The challenge becomes how to reach people who may be too busy working to looking for a new job. Companies have to find inactive jobseekers and then entice them to consider leaving the place where they are currently employed.
Lindner suggests that small businesses have an advantage over big firms because in many cases they serve a loyal customer group and are usually active in their communities. A good strategy for a small business owner to find talent is to ask people they know if they are aware of anyone who might be looking for a new job opportunity.
“You can go onto your LinkedIn page or Facebook page and post that you are adding a new role at your company,” Lindner says. “People in your network may be interested in the position or they might be willing to help by asking around for you. Getting others involved in your search is a great way to widen your net. “
For instance, the owner of an expanding company might post something along the lines of:
With the expansion of our new facility, the time is right for us to hire a new director of sales. We are looking for somebody with three to five years of sales experience in the industry. If you know someone who might be looking for this type of opportunity, please have them contact us.
Additionally, on social media such as Facebook, almost everyone is a member of a group, whether it is industry professionals, parents of middle school children, or simply people who live in the same town. Post information about your hiring needs not only on your company page, but on your individual page and also in any groups in which you are active.

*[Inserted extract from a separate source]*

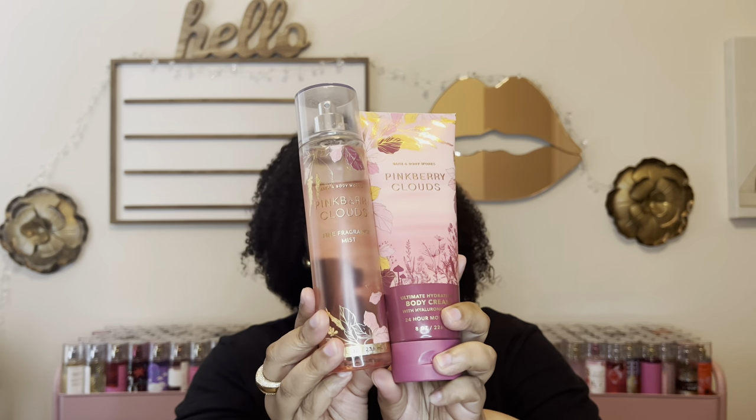Here are the products I'm adding to the November project use-it-up. There's no way to finish all these products in a month — I know that — but I give myself variety to see what I can use up and have options if I get bored of something. So I put in Pink Berry Clouds because I've been craving it and the packaging is ruined — it leaks — and I just want to use it and get it out of my collection.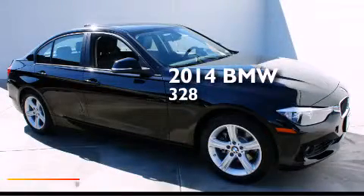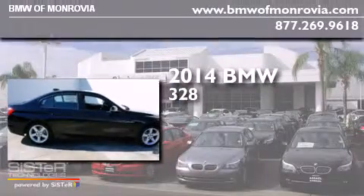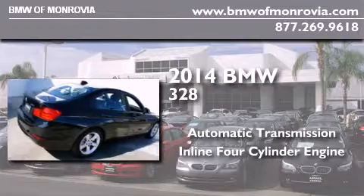This is a brand new 2014 BMW 328. This car has an automatic transmission and an inline four-cylinder engine.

Companies of all sizes are struggling to find staffing. In big cities, there is intense competition for employees with mid-level management skills. In rural areas, the local talent pool sometimes does not meet the needs of employers, which then presents the additional challenge of having to entice someone to take a new job and also move to a new area.
The bottom line is that the owners of small companies need to do more to tell customers, community, and all the people that they serve that they are looking to hire staff.
“This is what professional talent acquisition firms do, we don’t rely on job ads,” Lindner explains. “What’s great about using referrals from friend, colleague, or vendor, is that you are getting the recommendation from someone who you thinks the person would be a good fit for your company.”
Many times small businesses don’t have a dedicated HR person, and the owners themselves are strapped for time. Relying on Indeed, CareerBuilder, Monster, etc. might not yield qualified candidates. Further, some of the less employable and less serious candidates will apply for jobs because they have to show they are actively looking in order to keep collecting unemployment checks. In other words, they are just going through the motions.
“You can get a lot of unqualified candidates via job websites, and it winds up being a waste of time,” Lindner says. “That’s why executive recruiters don’t rely on ads. You have to dig deeper.”
Lindner’s advice for small business owners is to leverage their local ties to their advantage.
“Use your network to create a whole army of advocates,” Lindner says. “Word-of-mouth and referrals are a great way to reach a lot of people – even people who aren’t actively looking for a job. Then, when someone recommends you, the potential candidate goes from being a non-jobseeker to an active candidate.”
Some business owners may be cautious about hiring a friend or relative of an important client, in case the hire does not wind up being a good fit. Lindner says that if the client is a good business person, he or she will understand that not every hire works out well and that companies have to find the best candidates for the growth of their operations.